# Data segment:
........

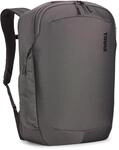 Thule Subterra 2 Rucksack 27 L Vetiver gray, 27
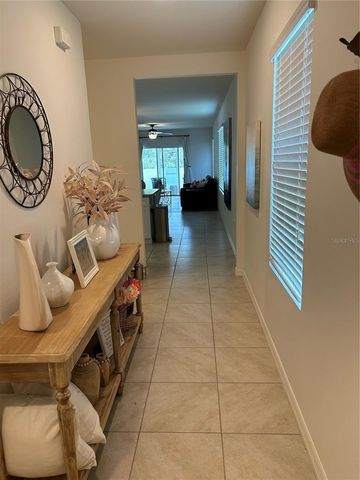 2906 TATON TRACE, New Smyrna Beach, FL 32168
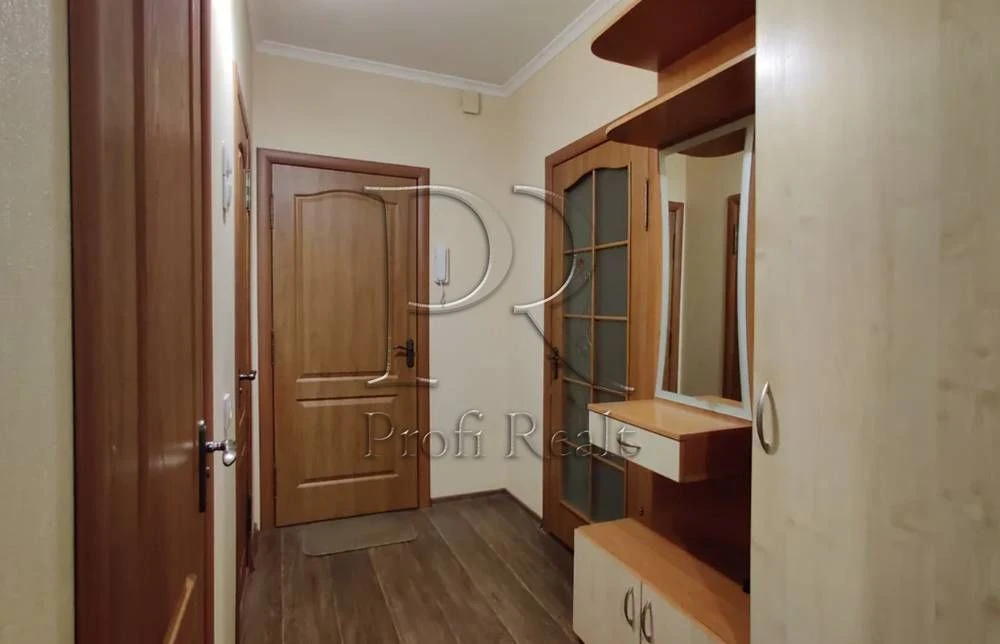 Продам 1-кімн. квартиру Теремки, Голосіївський район, Глушко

........

# Your task:
Once the pictures have been removed, reproduce each line of the material above exactly.

# Written answer:
 Thule Subterra 2 Rucksack 27 L Vetiver gray, 27
 2906 TATON TRACE, New Smyrna Beach, FL 32168
 Продам 1-кімн. квартиру Теремки, Голосіївський район, Глушко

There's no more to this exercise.